Sejumlah festival musik mulai serius mengurangi dampak lingkungan.

Di balik gemerlap panggung dan sorak sorai penonton, industri festival musik menyembunyikan kontribusi besar terhadap emisi gas rumah kaca yang memicu pemanasan global. Jejak karbon dan timbunan sampah yang dihasilkan acara-acara ini tidak main-main.

Penyumbang terbesar emisi dan sampah berasal dari mobilitas, yaitu perjalanan pengunjung, pengisi acara, kru, dan logistik. Konsumsi dan produksi makanan menempati posisi berikutnya.

Awalnya festival musik populer di kalangan pecinta alam, seperti Woodstock pertama. Namun komersialisasi besar-besaran mendorong festival berskala internasional bernilai miliaran dolar menghasilkan jejak karbon dan sampah masif.

Penelitian Julie’s Bicycle pada tahun 2007 mencatat perjalanan pengunjung ke dan dari acara musik menyumbang 43 persen dari total emisi karbon di industri musik Inggris, setara dengan 231.000 ton karbon dioksida per tahun. Satu dekade kemudian, Powerful Thinking melaporkan peningkatan signifikan: perjalanan pengunjung festival menjadi sumber 80 persen dari seluruh emisi festival musik.

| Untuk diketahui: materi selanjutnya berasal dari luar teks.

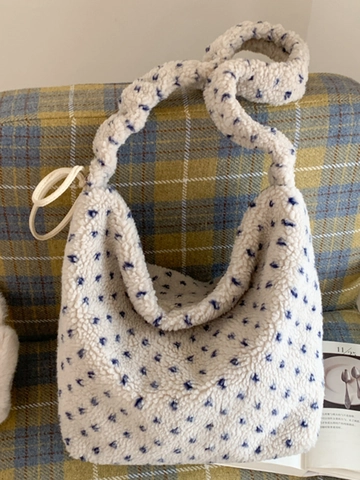 Winter Fashion Fleece Tote Bag Plush Star Pattern Large Capacity Shoulder Bag Casual Commuting Handbag For Women Warm Soft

Penelitian lain oleh A Greener Future pada 2023 memperkuat temuan ini, menunjukkan faktor-faktor lain ikut berkontribusi, termasuk pengelolaan sampah, konsumsi energi, dan makanan. Transportasi pengunjung, kru, musisi, dan logistik menyumbang 58 persen dari total emisi festival, sementara produksi dan konsumsi makanan serta minuman mencapai 35 persen.

Dampak sampah visualnya sama mencolok. Pengunjung festival di Inggris menggunakan 10 juta botol plastik setiap tahun.

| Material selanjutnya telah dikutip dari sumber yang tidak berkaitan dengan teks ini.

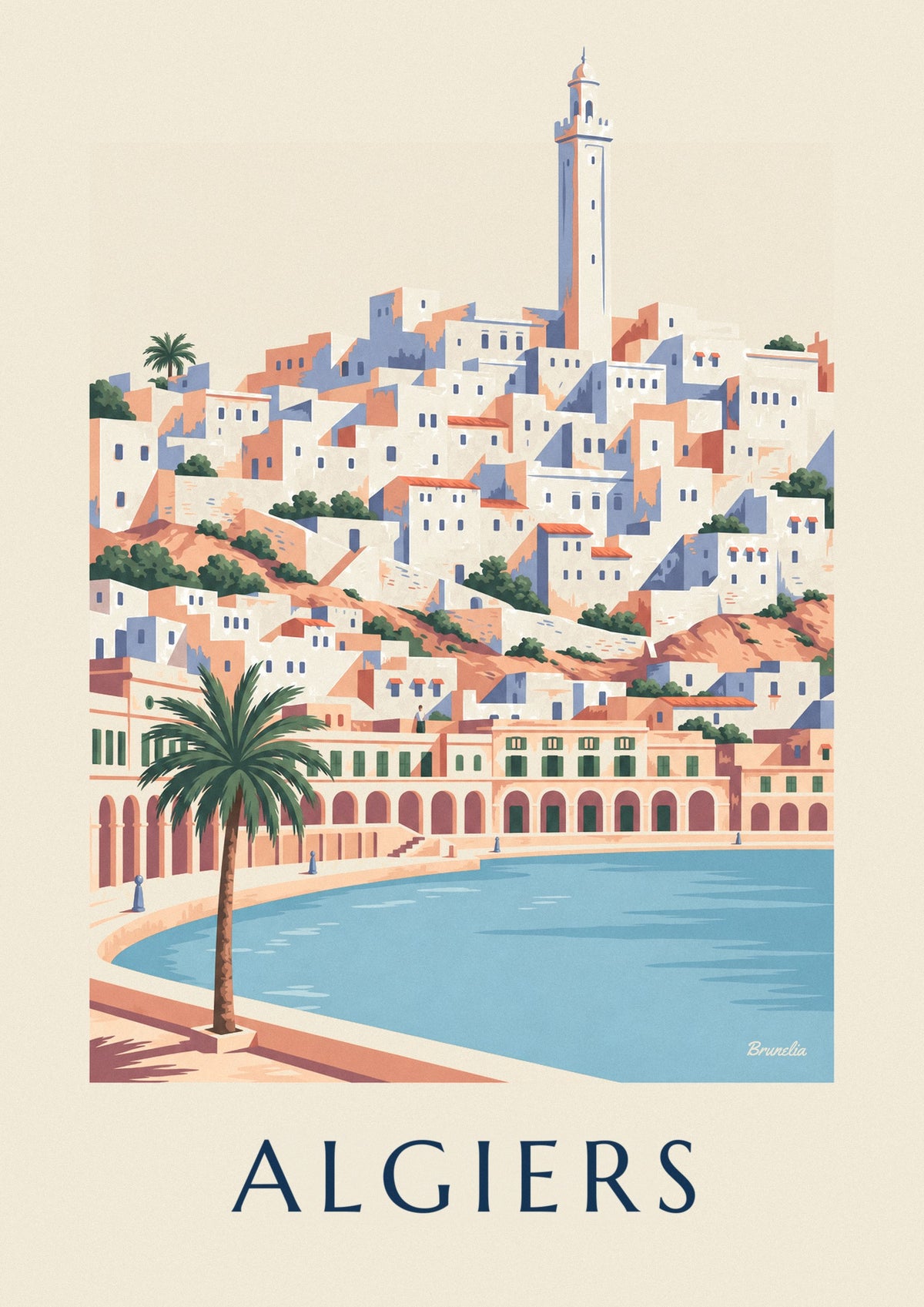 Algiers white casbah and arcaded seafront poster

Festival ternama di Amerika Serikat, seperti Coachella dan Desert Trip, dilaporkan menghasilkan 100 ton sampah setiap harinya. Data dari Waste Managed menyebutkan satu festival besar dapat menghasilkan 875.000 gelas plastik dan 2 juta botol sampah plastik. Sementara itu, festival musik di Inggris menghasilkan 23.500 ton sampah per tahun, termasuk 250.000 tenda sekali pakai yang ditinggalkan.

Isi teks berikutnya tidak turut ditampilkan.